How to Keep Great Financial Records (especially for your kids’ school purchases)

Bethany Jett

Bethany Jett loves sipping coffee and jamming in her planner while raising three boys with her college sweetheart Justin.

August 24, 2020

If you’ve ever had to purchase spirit shirts, fundraiser items, or pay for a field trip, you know that there is a small risk that your check and permission slips or order forms can get lost along the way. I’ve always been nervous that the wrong size for my baby will get ordered and I won’t be able to prove what I had written down. In this post, I’m going to share a quick process on how to keep great financial records and organize your checks and order forms, particularly when it comes to your kids’ school purchases.

To avoid any unnecessary drama, I have a simple method for maintaining my own records.

Step One: Fill out the Forms

This step is pretty self-explanatory!

Step Two: Write the check (or pay online)

If paying online, you can easily keep records by saving the receipt as a PDF and e-filing it into a folder on your computer. I also print a copy and add it to the boys’ school folder so I can have it at my fingertips if needed.

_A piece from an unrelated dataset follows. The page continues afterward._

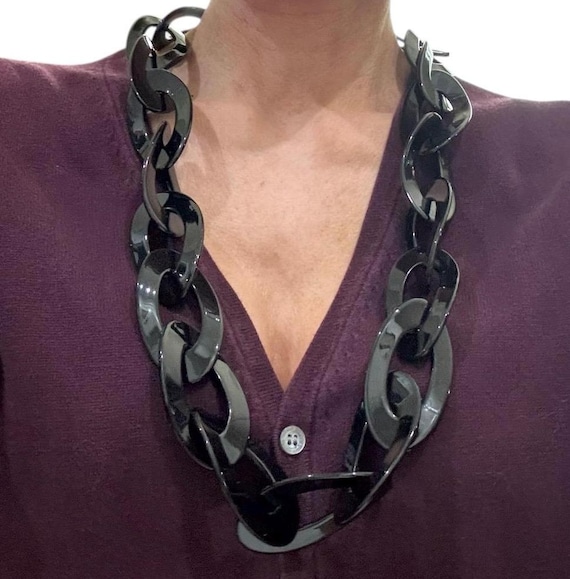 Vintage Necklace Black Chain Link  Kenneth Jay La… - image 9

Step Three: Make a copy of the check and forms

If possible, I make a copy of the check and the order form at the same time by placing the check in a blank area of the order form and laying it on the printer glass just so. If there isn’t room to have the check on the same sheet as the order form, I make a copy of the check on a different piece of paper and attach it.

I keep these files in the family folder but if you want to reduce the amount of paper used, you can also scan them to your computer and then e-file them in the school folder. This really helps keep these financial records organized!

Step Four: Record the transactions

Here’s where the Happy Planner comes into play!

For the boys’ school transactions, I have a separate sheet for each so I can keep track of how much is spent for each child as part of the education and extra-curricular process (including lunches, grade-specific supplies like the sneeze guard for my 4th grader, yearbooks, etc.).

I’m using the Budget Happy Planner found on Amazon here or JoAnn’s here (be sure to use coupons!). It’s undated, which makes it great for starting at any point in the year.

financial Happy Planner
I created pages for each child to record specific school transactions. This is the budget Happy Planner.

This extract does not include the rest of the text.